═══ AVAILABLE RECORDS

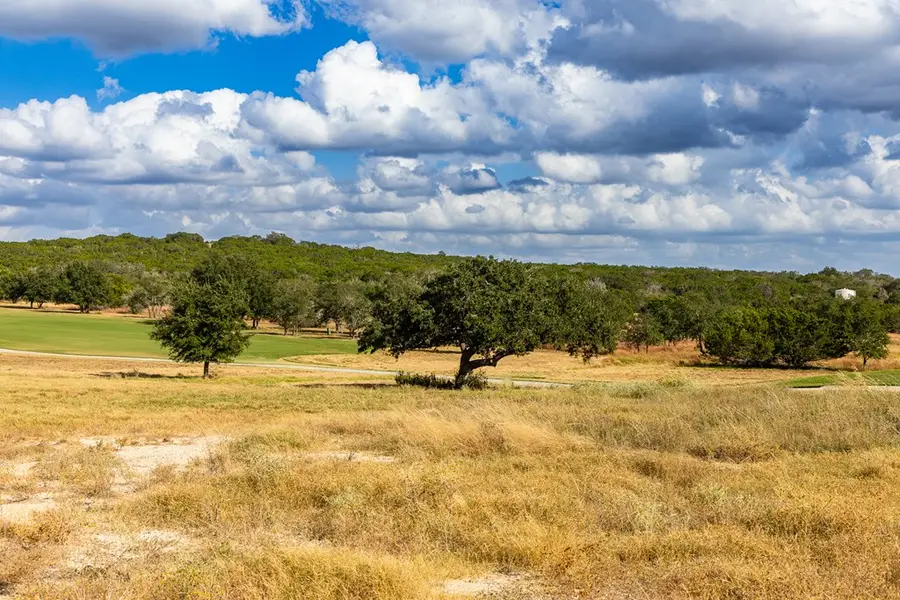 1032 Albatross Way, Kerrville, TX 78028 - Image #3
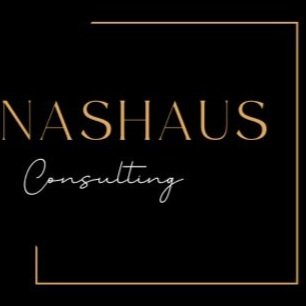Welcome to NASHAUS Consulting...
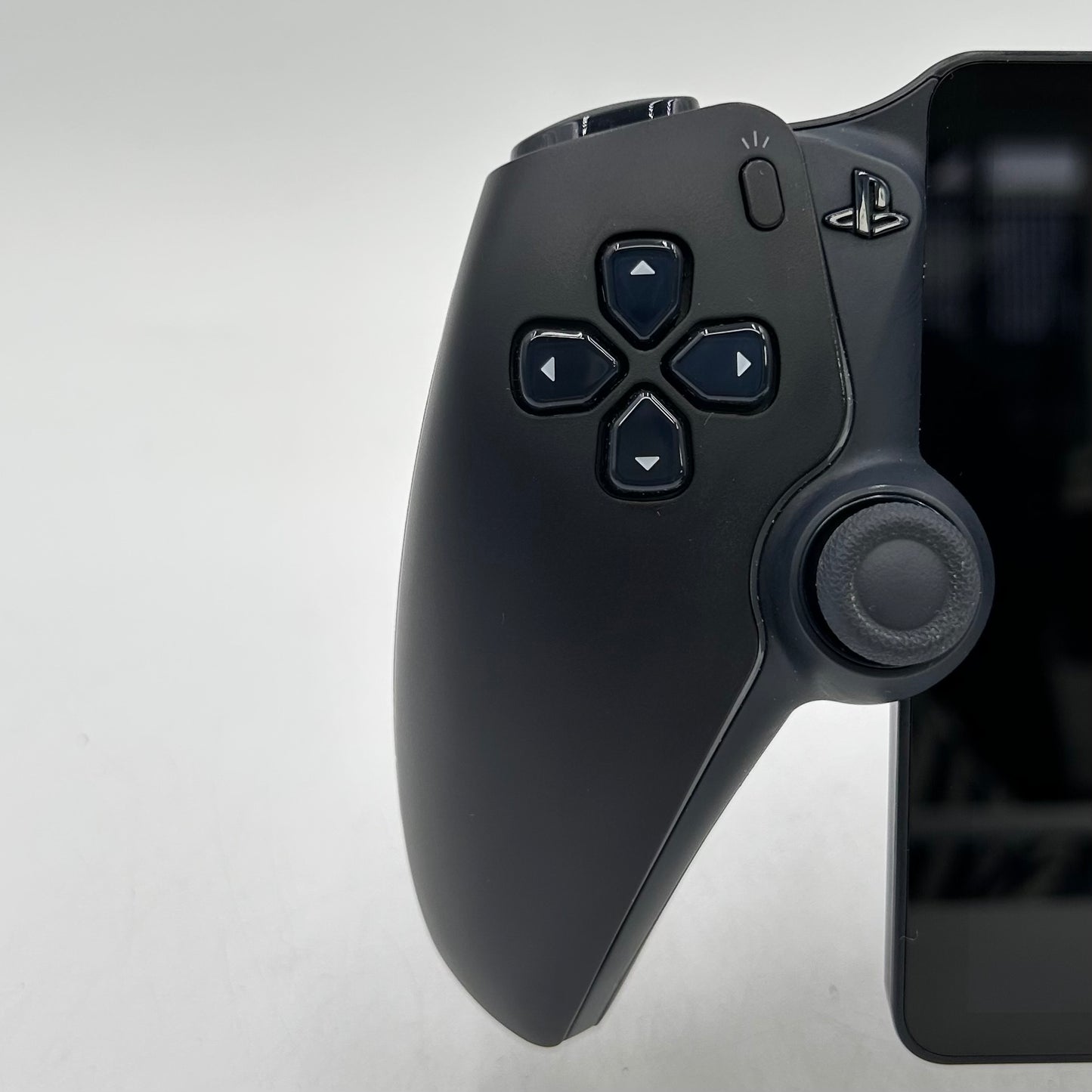 Sony PlayStation 5 PS5 PlayStation Portal Black CFI-Y1001
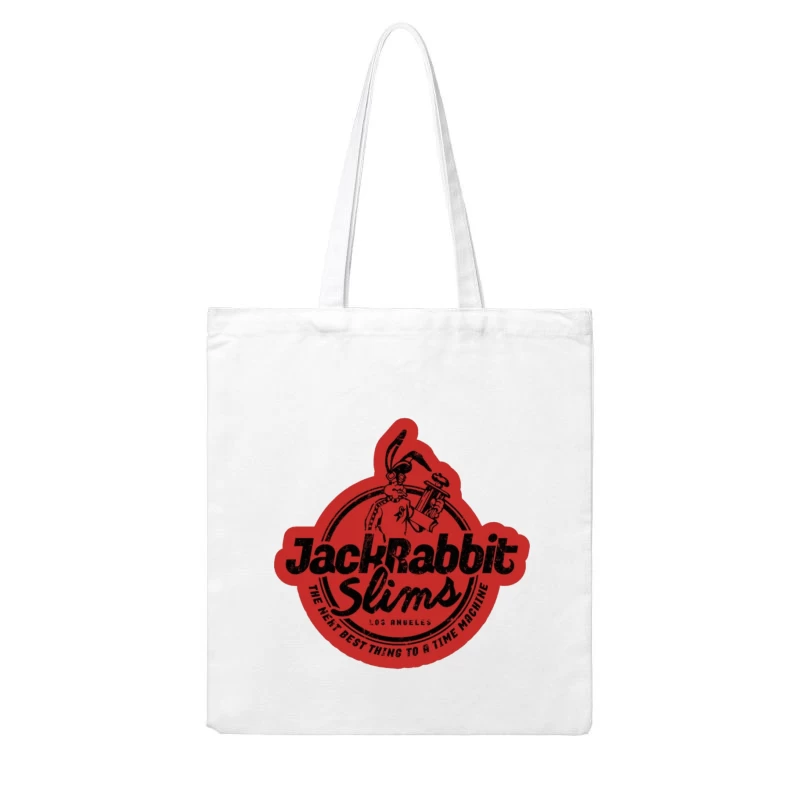  Cotton Tote Bag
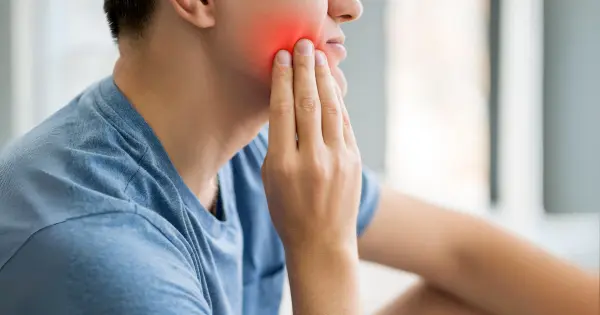 Top1 Singapore Dental Clinic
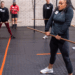 CrossFit Trening Dana: 250503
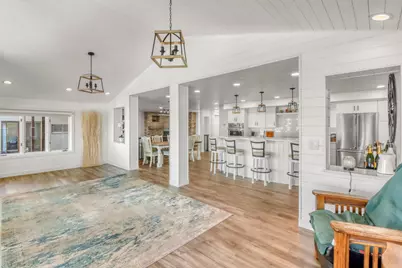 11494 Ravenswood Beach Road, Detroit Lakes, MN 56501 - Photo 20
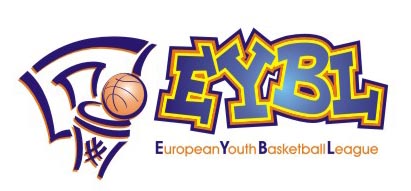 eybl.logo.darba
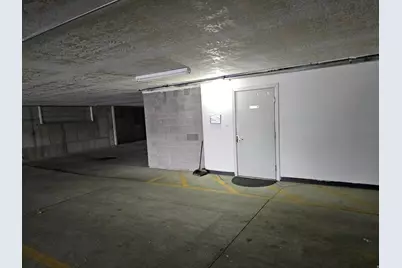 22 S 700 E #2 E, American Fork, UT 84003 - Photo 24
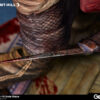 STL316091_14 SILENT HILL 3 MISSIONARY 1/6 SCALE STATUE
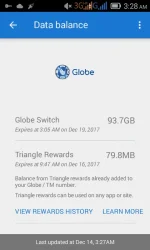 Screenshot_2017-12-14-03-28-21.webp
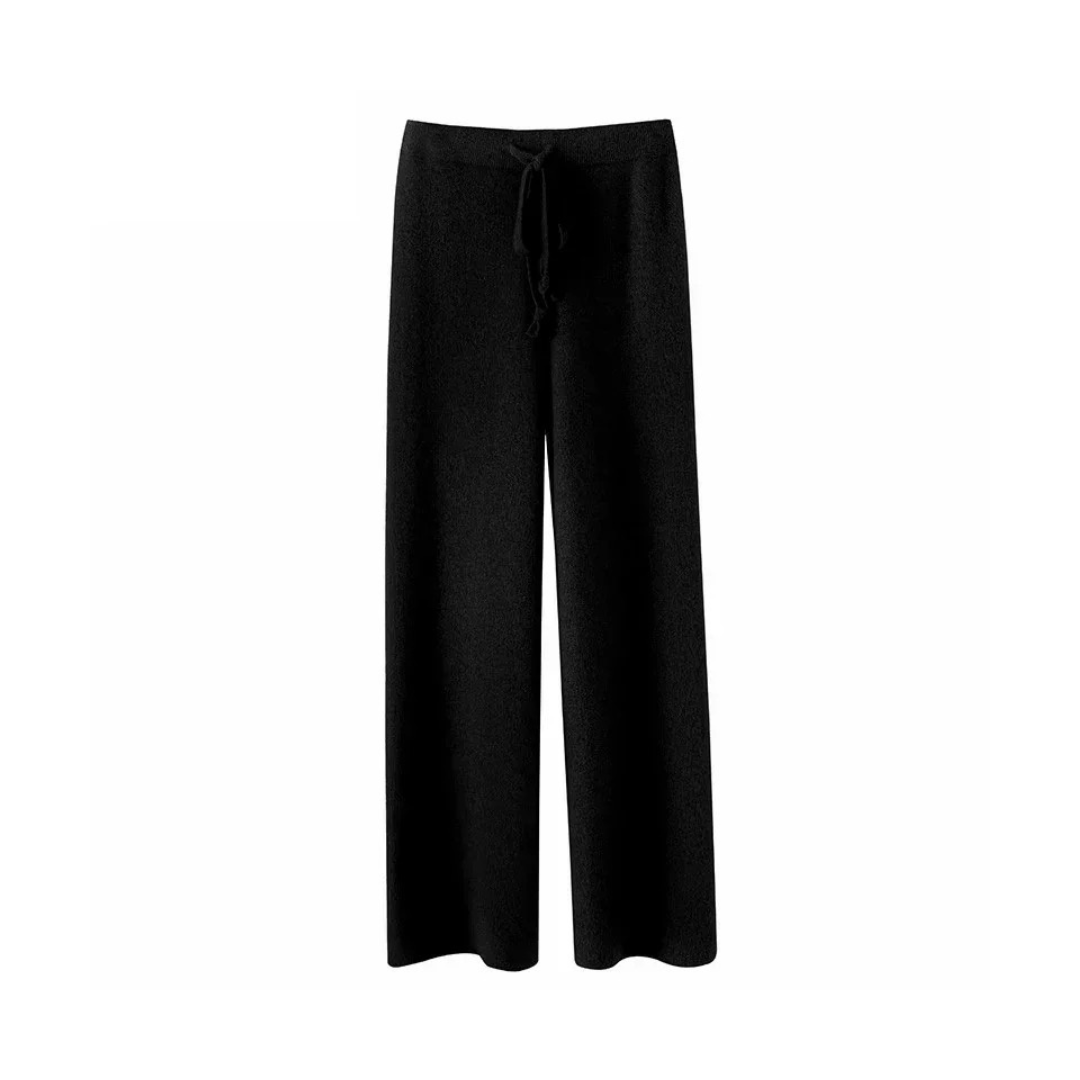 LILLY PANTS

══════

Return only the lines from the one that contains "STL316091_14 SILENT HILL" through the closing line of the data, inclusive, reproduced exactly and with every picture left out.

* **RESPONSE BOX**
 STL316091_14 SILENT HILL 3 MISSIONARY 1/6 SCALE STATUE
 Screenshot_2017-12-14-03-28-21.webp
 LILLY PANTS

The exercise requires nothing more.